Pursuit, University of Melbourne. “‘The Man’: Taylor’s Feminism Could Go So Much Further.” Pursuit, 2020. https://pursuit.unimelb.edu.au/articles/the-man-taylor-s-feminism-could-go-so-much-further.
Seabrook, John. “A Star’s Melodic Signature: Melody: Taylor Swift—‘You Belong with Me.’” In Switched On Pop: How Popular Music Works, and Why it Matters, edited by Nate Sloan and Charlie Harding, 56–72. New York: Oxford University Press, 2020.
“Power and Identity in Taylor Swift’s Song, ‘Look What You Made Me Do.’” Journal of Media and Cultural Studies 35, no. 2 (2023): 198–212. https://www.humapub.com/admin/alljournals/glr/papers/Q1oIs4yGEv.pdf.


Comments (1)
You make some interesting points about Taylor Swift. I've always been a fan of her music, but I never really thought about the contradictions you mentioned. It makes me wonder if her image as a feminist icon is more about marketing than actual empowerment.
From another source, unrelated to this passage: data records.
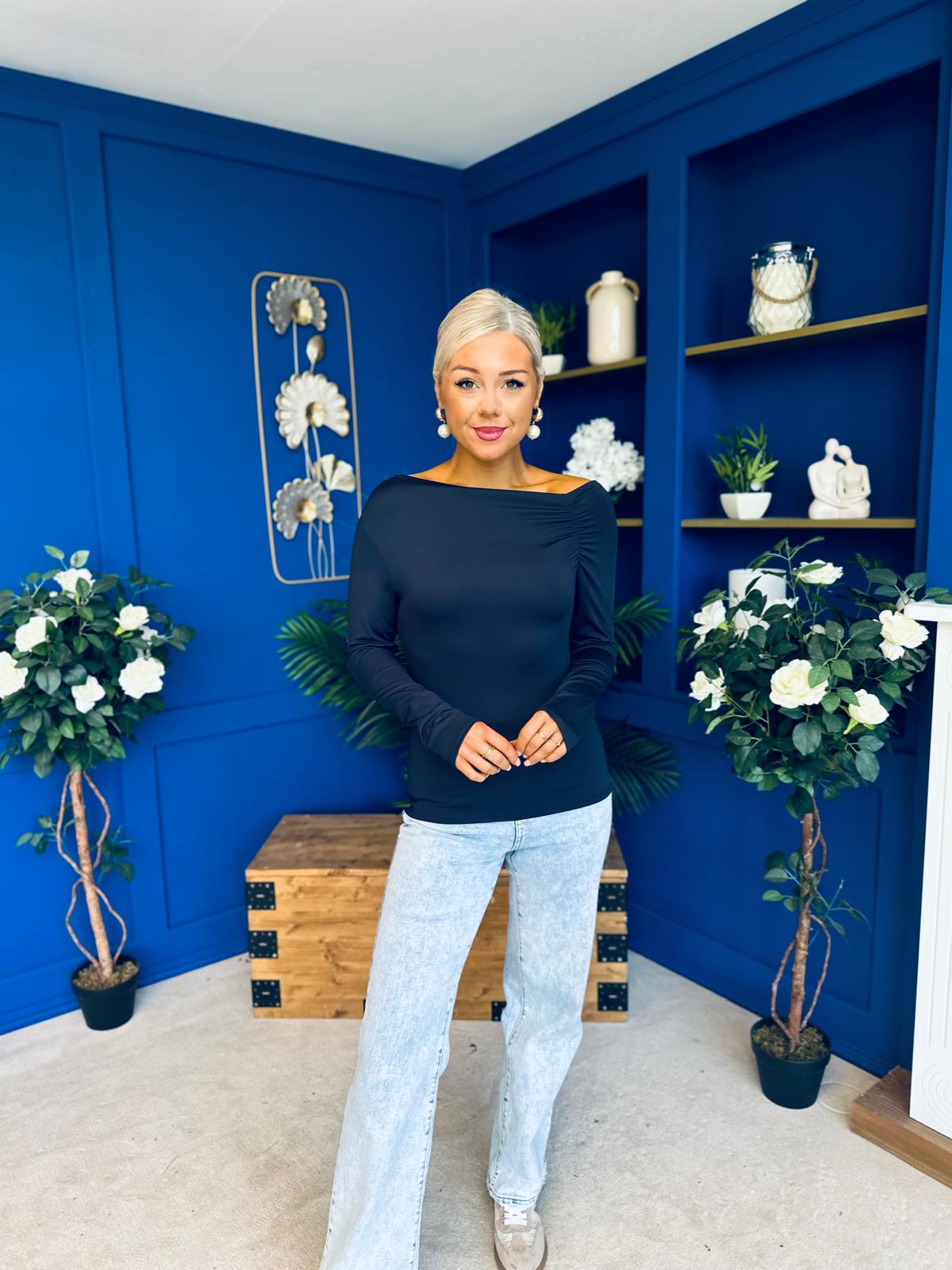 Ciara Shoulder Detailed Top Navy
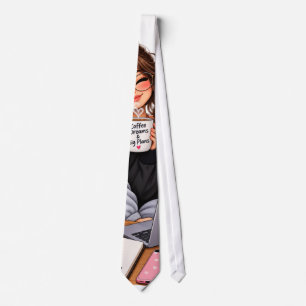 Cozy Coffee Study Girl – Work Hard Dream Big Tie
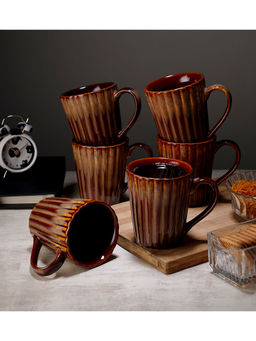 CDI - Brown Lined Shaped 350 Ml Coffee Mugs Set Of 6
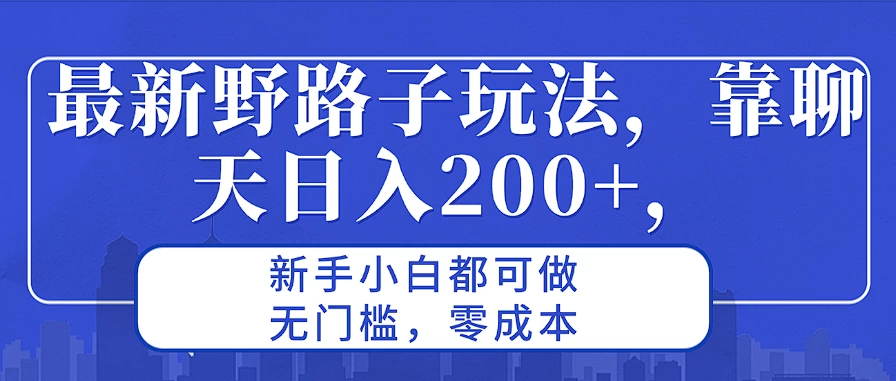 最新野路子玩法,靠聊天日入200+,新手小白都可做,无门槛,零成本 - 阿泽资源网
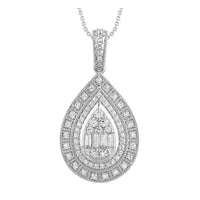 Thumbnail for LADIES PENDANT 1/2 CT ROUND/BAGUETTE DIAMOND 10K WHITE GOLD
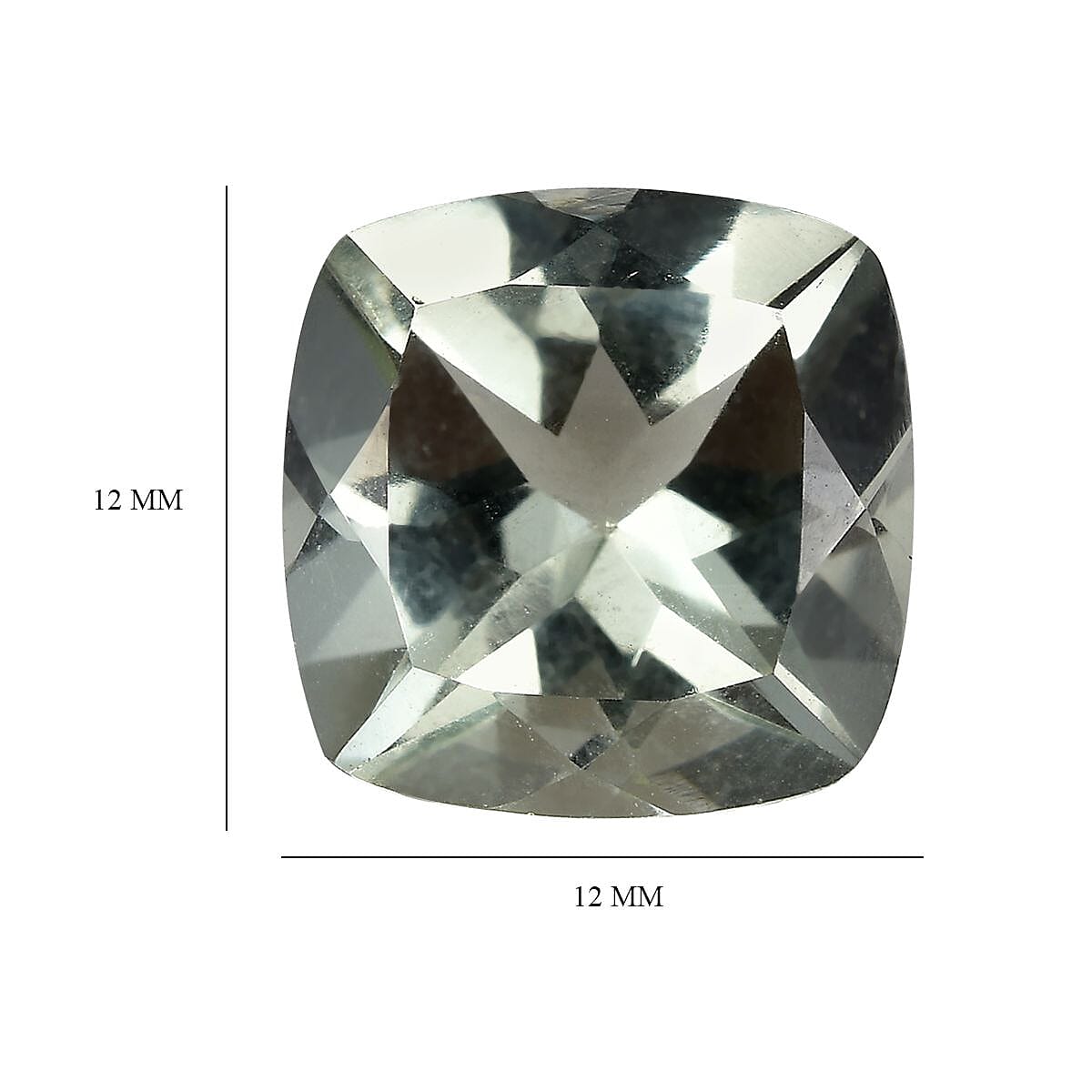 Montezuma Prasiolite (Cush 12x12 mm) 6.15 ctw Loose Gemstone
What do you think are some other examples of artists whose public personas don't match their true beliefs? Also, I'm curious about your take on her songwriting. Do you think her lyrics are as innovative as they're made out to be? I've always found them catchy, but I'm not sure if they're really pushing the boundaries of music. Maybe we can discuss some of her other songs and see if they hold up to the same scrutiny.